All I have to say is hats off to middle school teachers. Teaching adolescents has been a demanding, but rewarding experience.

Every morning at 8am, I need to gather the energy to lead a class of teenagers. Not just teach them English…(that’s the easy part)…but make them engaged. Unlike teaching ESL to kids, teenagers are a tough crowd. Getting them to speak in a second language feels impossible on some days. Shyness, insecurity in front of their peers, drama, 17-year-old boys who couldn’t be bothered- all kinds of issues, personalities, and family backgrounds come into my classroom every day. My mind is constantly adapting to these various attention spans, attitudes, and English skills.
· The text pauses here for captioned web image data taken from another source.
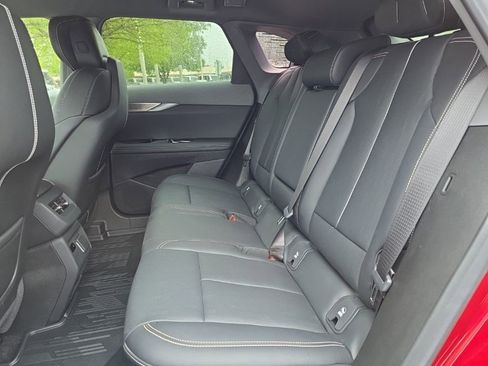 Certified 2025 Cadillac Optiq Sport 2 w/ LPO, Floor Liner Package AWD/4WD image 20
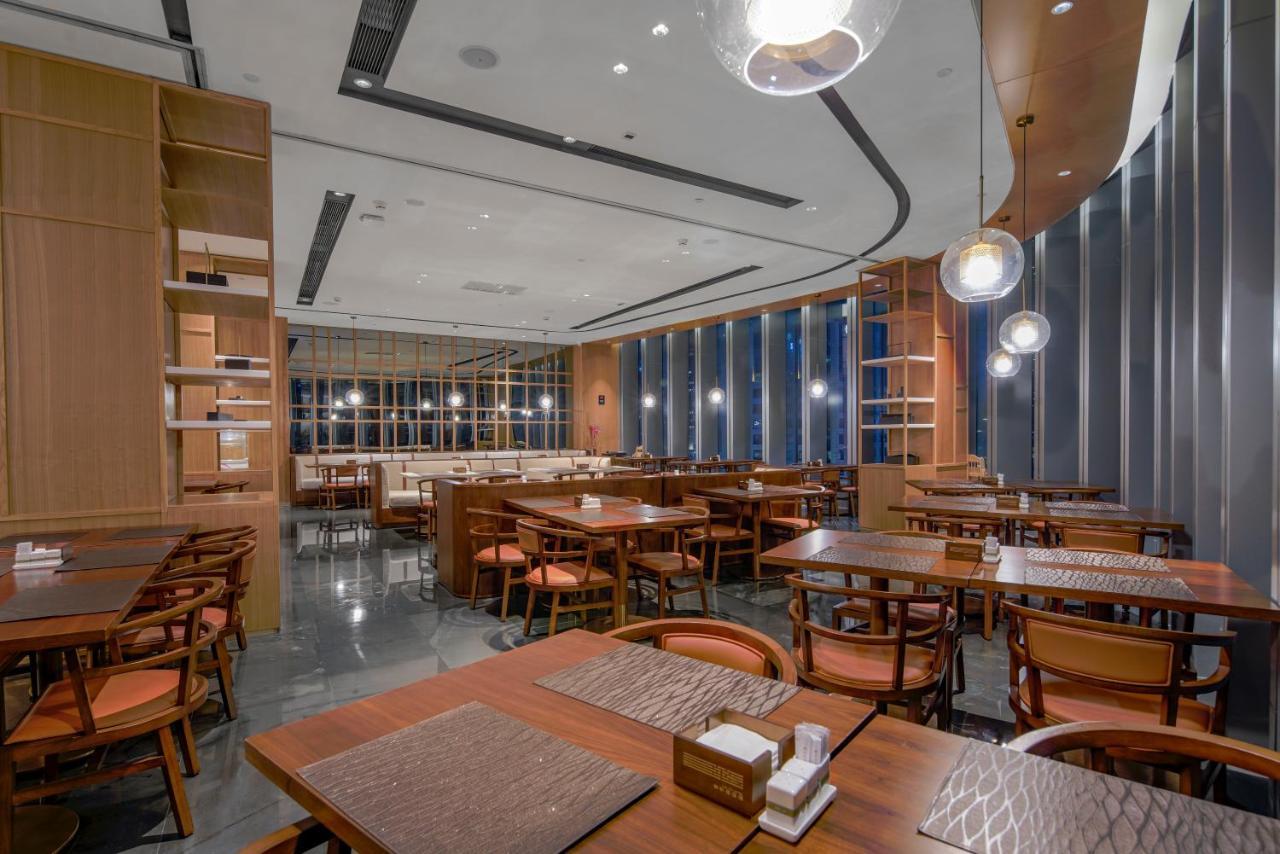 Holiday Inn Guangzhou Zhujiang New Town By Ihg Exterior foto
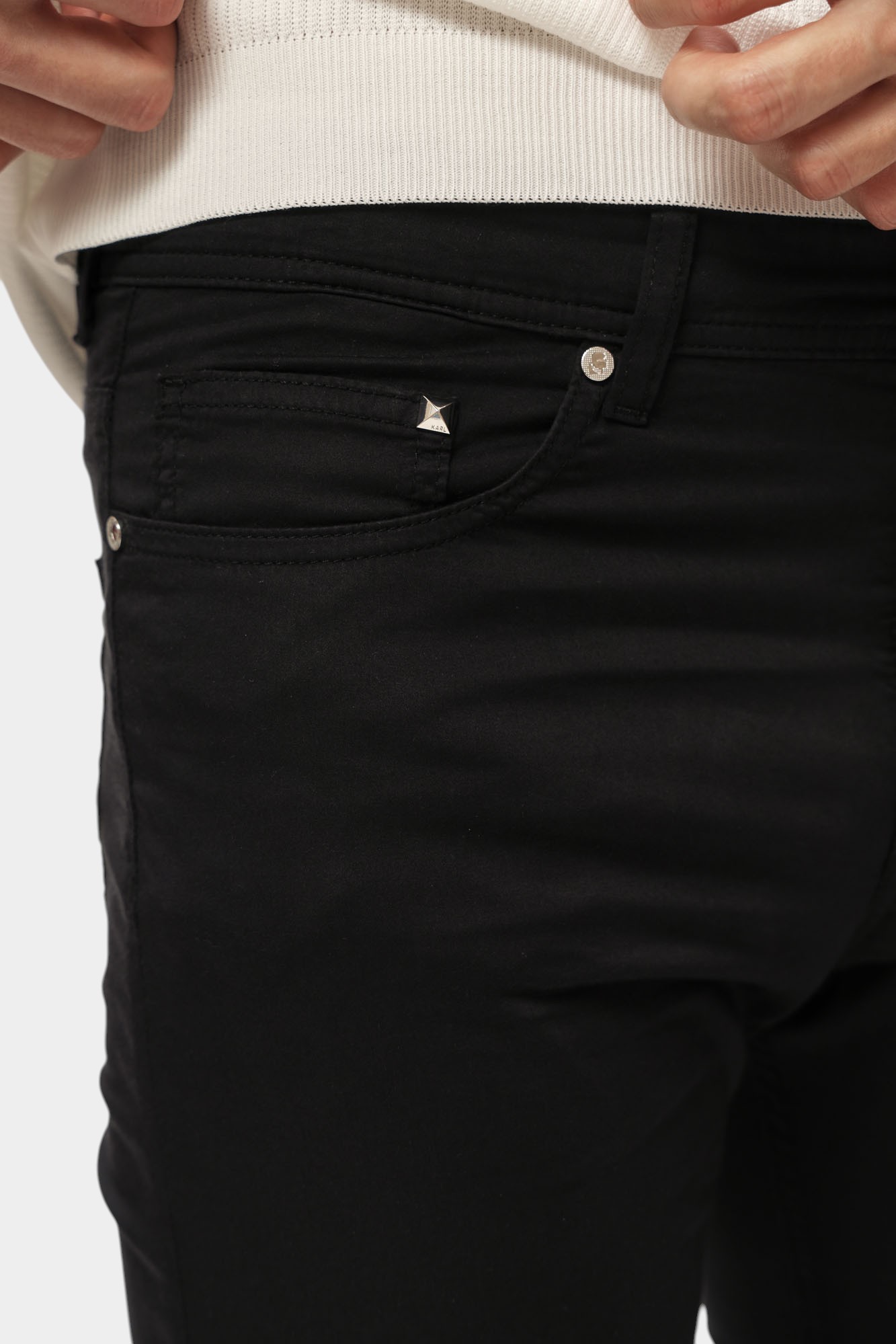 552829_265840 Брюки 5-карманные Karl Lagerfeld Черный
In Chile, I go through plan A, B, C, D, E, ( and F ) every day. It’s almost guaranteed that the first two plans are not going to go how they’re played out in my mind. Nope. Actually, when stuff does go exactly as planned,  I start to feel skeptical- like the fates are messing with me. (This is Chile, isn’t it!?)

IV medios (seniors)

Classes have overall been going well. My students are pretty behaved compared to other schools. (My friend ended up kicking out his entire class a few weeks ago because they wouldn’t listen to him.)
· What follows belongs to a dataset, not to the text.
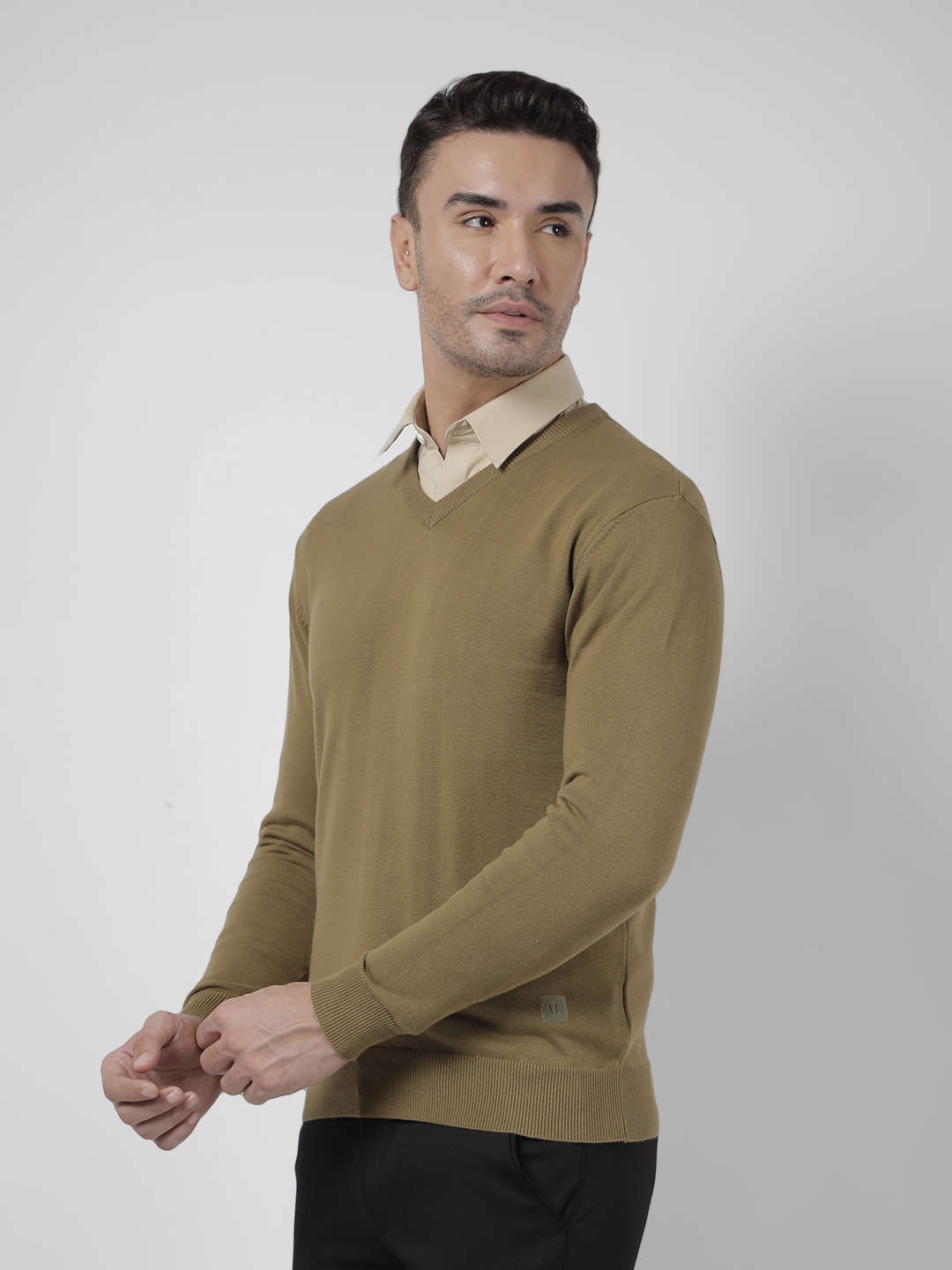 Numero Uno Men Solid Green Sweater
As the weeks go on, I’ve learned that altering my lessons slightly for each group is the key to a smooth class. One particular class of 4 medios loves learning about world news, so I always try and bring in a video or current event  to start the day. Last week I showed them the video of Obama’s speech saying gay couples should be allowed to marry. For the rest of the class, they worked on their dialogues for a video we’re making about Chile.  The Red Hot Chili Peppers played in the background. (There are two boys in this class who rarely speak, but they knew every word to “Californication”, and sang along perfectly.)

After the bell rang, I was erasing the whiteboard and amidst the shuffle of students leaving, I heard one girl call me. “Meees….” I turned around and she smiled, “Your classes are fun.” You have no idea how much that sentence made my day. After a long week, it felt all worth it just to hear that.

And another sweet surprise: Last week,  in my III medio class, one of my student’s asked me out of nowhere, “Meees….Do you know Berkeley?” Berkeley!? It was the last city I was expecting my students to ask me about. Apparently, she read a book by Isabelle Allende, and the characters were in Berkeley. Now she wants to go visit. That’s where I was living and working before moving to Chile. Some of my family still lives there, and it will always be my home. Hearing my student ask me about it made me smile.

I have so many stories to tell from my classes, but that post will be for another day. Right now it’s Friday, and I’m heading to Northern Patagonia in a few hours. Next up: volcanos and lakeside towns.

My III medios. Host sister’s in the middle!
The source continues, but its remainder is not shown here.